Transcribe the stretch of entries below from the line with "modern solid wooden" through the line with "Skříň highboard bílá", exactly and with both ends included; leave out all other lines.
INPUT DATA Block Start
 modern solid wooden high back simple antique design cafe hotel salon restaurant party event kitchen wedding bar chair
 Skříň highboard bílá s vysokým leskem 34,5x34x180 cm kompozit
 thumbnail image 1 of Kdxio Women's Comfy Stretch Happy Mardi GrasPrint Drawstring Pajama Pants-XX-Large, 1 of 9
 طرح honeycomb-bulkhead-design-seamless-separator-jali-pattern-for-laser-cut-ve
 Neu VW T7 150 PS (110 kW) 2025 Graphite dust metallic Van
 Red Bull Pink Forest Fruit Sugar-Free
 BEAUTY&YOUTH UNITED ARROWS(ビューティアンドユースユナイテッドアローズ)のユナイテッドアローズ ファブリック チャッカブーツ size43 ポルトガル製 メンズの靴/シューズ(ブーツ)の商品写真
INPUT DATA Block End
INPUT DATA Block Start
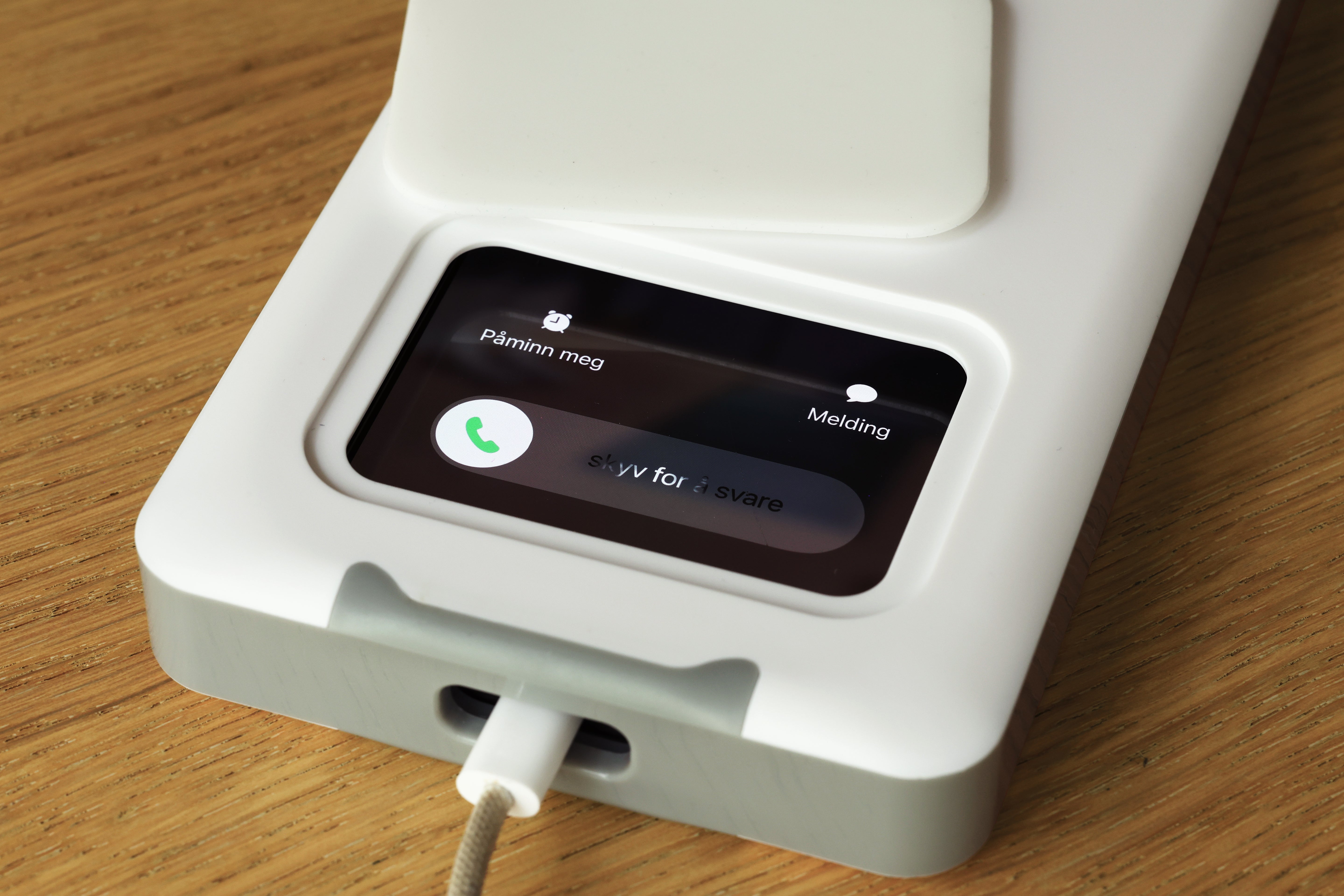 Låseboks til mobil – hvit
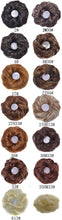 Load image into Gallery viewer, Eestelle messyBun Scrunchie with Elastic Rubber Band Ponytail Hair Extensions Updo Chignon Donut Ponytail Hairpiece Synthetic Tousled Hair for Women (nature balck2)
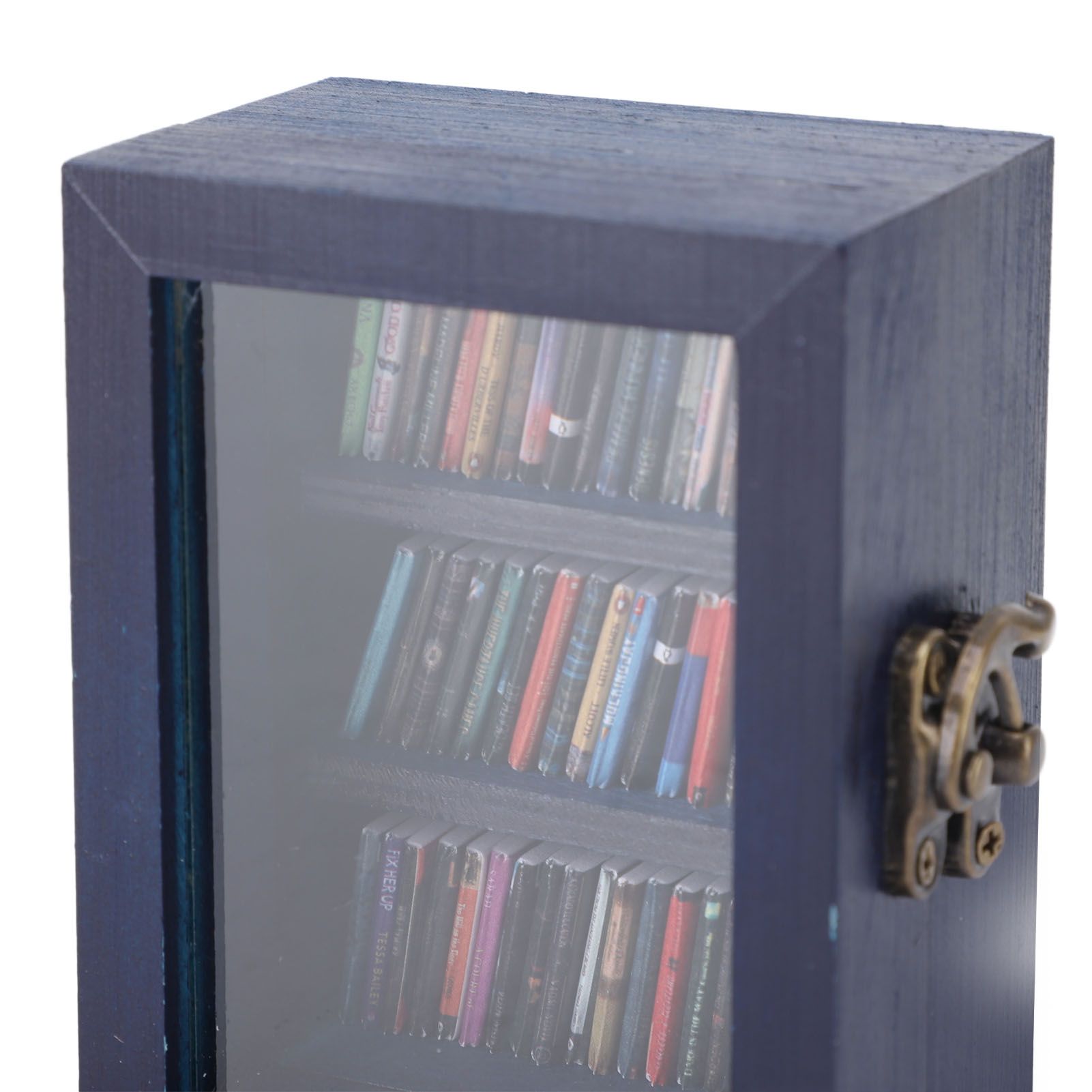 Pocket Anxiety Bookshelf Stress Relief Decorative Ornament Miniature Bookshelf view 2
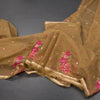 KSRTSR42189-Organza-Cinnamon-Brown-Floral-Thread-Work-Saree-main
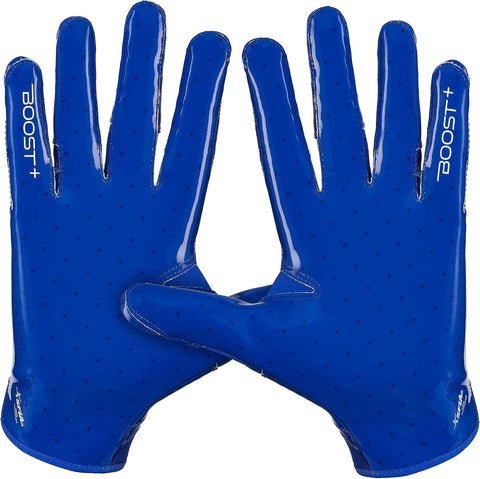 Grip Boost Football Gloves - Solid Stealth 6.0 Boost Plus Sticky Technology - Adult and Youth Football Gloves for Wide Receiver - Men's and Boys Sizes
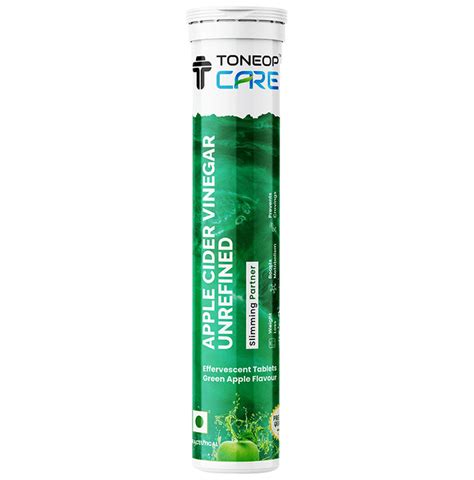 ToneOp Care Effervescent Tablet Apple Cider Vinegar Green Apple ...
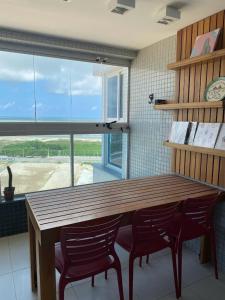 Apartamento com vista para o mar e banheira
INPUT DATA Block End
* _EXERCISE RESPONSE_
 modern solid wooden high back simple antique design cafe hotel salon restaurant party event kitchen wedding bar chair
 Skříň highboard bílá s vysokým leskem 34,5x34x180 cm kompozit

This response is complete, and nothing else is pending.